* [ASSIGNMENT]: Please set down only the lines below starting with the line with "Hello and welcome" and going on through the line with "As you know, power", verbatim and without pictures.

* [SOURCE INFORMATION]:
===
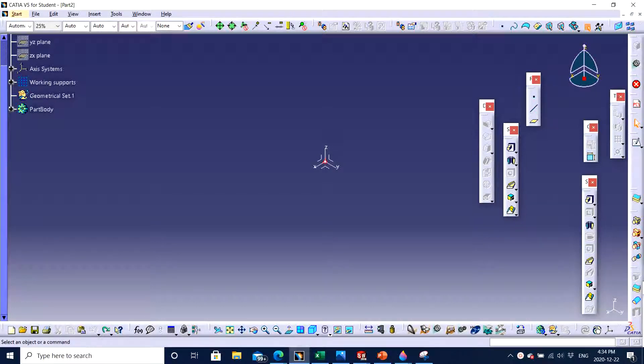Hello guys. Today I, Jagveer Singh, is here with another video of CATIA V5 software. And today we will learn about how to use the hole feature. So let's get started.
===
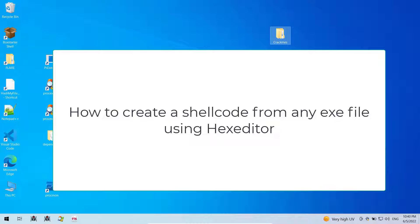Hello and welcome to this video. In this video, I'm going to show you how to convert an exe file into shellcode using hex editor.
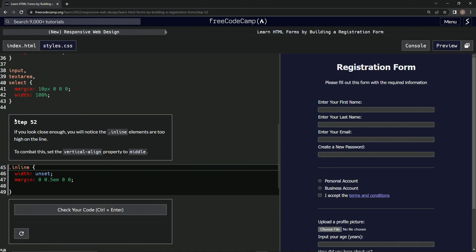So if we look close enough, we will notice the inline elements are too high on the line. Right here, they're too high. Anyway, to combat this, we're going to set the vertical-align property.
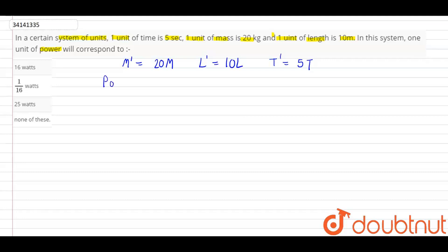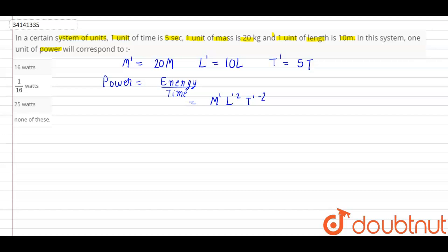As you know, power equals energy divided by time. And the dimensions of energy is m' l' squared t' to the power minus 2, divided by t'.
===
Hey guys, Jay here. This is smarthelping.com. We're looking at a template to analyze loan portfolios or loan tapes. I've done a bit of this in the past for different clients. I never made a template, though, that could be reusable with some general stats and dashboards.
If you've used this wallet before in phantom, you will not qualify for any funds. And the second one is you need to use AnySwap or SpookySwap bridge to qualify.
===
* [RESULT BELOW]:
Hello and welcome to this video. In this video, I'm going to show you how to convert an exe file into shellcode using hex editor.
So if we look close enough, we will notice the inline elements are too high on the line. Right here, they're too high. Anyway, to combat this, we're going to set the vertical-align property.
As you know, power equals energy divided by time. And the dimensions of energy is m' l' squared t' to the power minus 2, divided by t'.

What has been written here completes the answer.